Selasa, 11 Agustus 2009

Abdul Fickar Hadjar

Pengadilan Video Conference

Advokat yang satu ini tergolong penasehat hukum yang telaten, komplit dan setia pada profesi. Abdul Fickar Hadjar, S.H., M.H. yang lahir sekitar 52 tahun lalu ini mengawali profesinya lewat LBH (Lembaga Bantuan Hukum) Indonesia di Jakarta tanpa menghiraukan besar-kecilnya bayaran.

Setelah di LBH Ia mendirikan kantor sendiri bersama rekan-rekannya. Itu pun Ia berganti-ganti partner dalam kurun waktu sekian tahun.

Ia pun semakin matang seiring berjalannya waktu dalam menjalani profesinya. Sesekali Ia pun muncul di seminar atau televisi sebagai pembicara dalam kapasitas pribadi atau anggota lembaga pengkajian hukum dan advokasi. Tidak heran bila Ia muncul dengan tokoh-tokoh NU untuk menjalankan tugasnya sebagai pengurus pusat di lembaga bantuan hukum.

“Apa sajalah yang dikerjakan, ya saya kerjakan,” kata penggemar film Sound of Music dan Justice for All ini enteng. Kini pun Ia “di tempat lain” melakukan siaran di radio dalam acara konsultasi hukum di Radio Cakrawala FM, Jakarta.
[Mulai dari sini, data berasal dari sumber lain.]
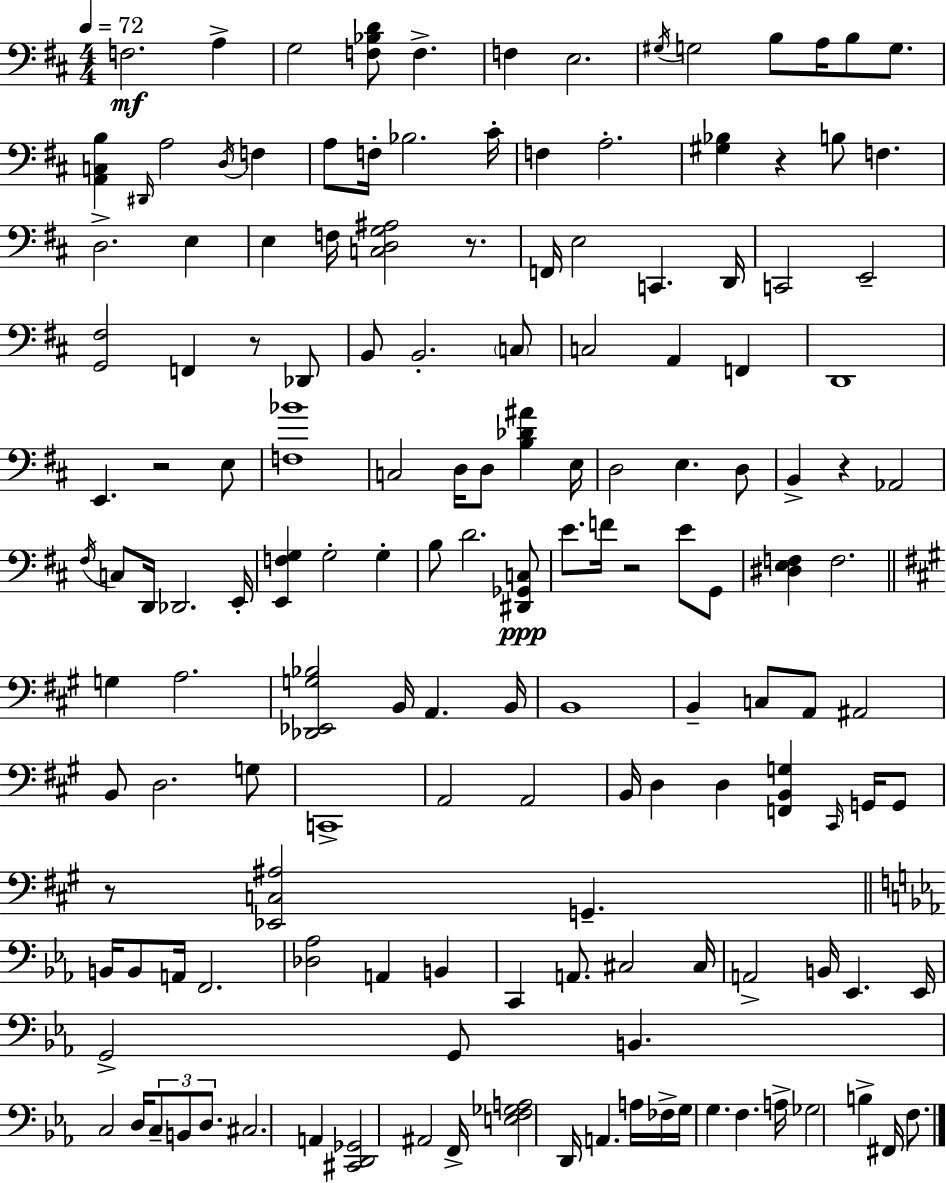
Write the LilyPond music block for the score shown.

{
  \clef bass
  \numericTimeSignature
  \time 4/4
  \key d \major
  \tempo 4 = 72
  \repeat volta 2 { f2.\mf a4-> | g2 <f bes d'>8 f4.-> | f4 e2. | \acciaccatura { gis16 } g2 b8 a16 b8 g8. | \break <a, c b>4 \grace { dis,16 } a2 \acciaccatura { d16 } f4 | a8 f16-. bes2. | cis'16-. f4 a2.-. | <gis bes>4 r4 b8 f4. | \break d2.-> e4 | e4 f16 <c d g ais>2 | r8. f,16 e2 c,4. | d,16 c,2 e,2-- | \break <g, fis>2 f,4 r8 | des,8 b,8 b,2.-. | \parenthesize c8 c2 a,4 f,4 | d,1 | \break e,4. r2 | e8 <f bes'>1 | c2 d16 d8 <b des' ais'>4 | e16 d2 e4. | \break d8 b,4-> r4 aes,2 | \acciaccatura { fis16 } c8 d,16 des,2. | e,16-. <e, f g>4 g2-. | g4-. b8 d'2. | \break <dis, ges, c>8\ppp e'8. f'16 r2 | e'8 g,8 <dis e f>4 f2. | \bar "||" \break \key a \major g4 a2. | <des, ees, g bes>2 b,16 a,4. b,16 | b,1 | b,4-- c8 a,8 ais,2 | \break b,8 d2. g8 | c,1-> | a,2 a,2 | b,16 d4 d4 <f, b, g>4 \grace { cis,16 } g,16 g,8 | \break r8 <ees, c ais>2 g,4.-- | \bar "||" \break \key c \minor b,16 b,8 a,16 f,2. | <des aes>2 a,4 b,4 | c,4 a,8. cis2 cis16 | a,2-> b,16 ees,4. ees,16 | \break g,2-> g,8 b,4. | c2 d16 \tuplet 3/2 { c8-- b,8 d8. } | cis2. a,4 | <cis, d, ges,>2 ais,2 | \break f,16-> <e f ges a>2 d,16 a,4. | a16 fes16-> g16 g4. f4. a16-> | ges2 b4-> fis,16 f8. | } \bar "|."
}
Di organisasi lembaga kajian dan advokasi, Fickar adalah pendiri Konsorsium Reformasi Hukum Nasional (KRHN), dan Ia pun salah satu anggota tim hukum Indonesia Corruption Watch yang dipimpin Teten Masduki.

Sebagai anggota KRHN, Fickar menyampaikan usulan timnya dalam masalah peradilan korupsi. Usulan yang penting itu adalah mengenai peradilan in absentia. Menurutnya, seorang terdakwa kalau 1 sampai 2 kali dipanggil tidak datang maka majelis hakim bisa mengadili secara in absentia.

Dalam kapasitasnya sebagai anggota tim taskforce RUU Peradilan Korupsi, Ia menerangkan, peradilan in absentia itu diusulkan bila terdakwa buron atau kabur ke luar negeri.

Bagaimana bila terdakwa sedang di luar negeri bukan karena kabur, tapi harus diadakan sidang segera? Sebaiknya hakim menyelenggarakan sidang tanpa harus menghadirkan terdakwa dengan mengadakan peradilan video conference, katanya.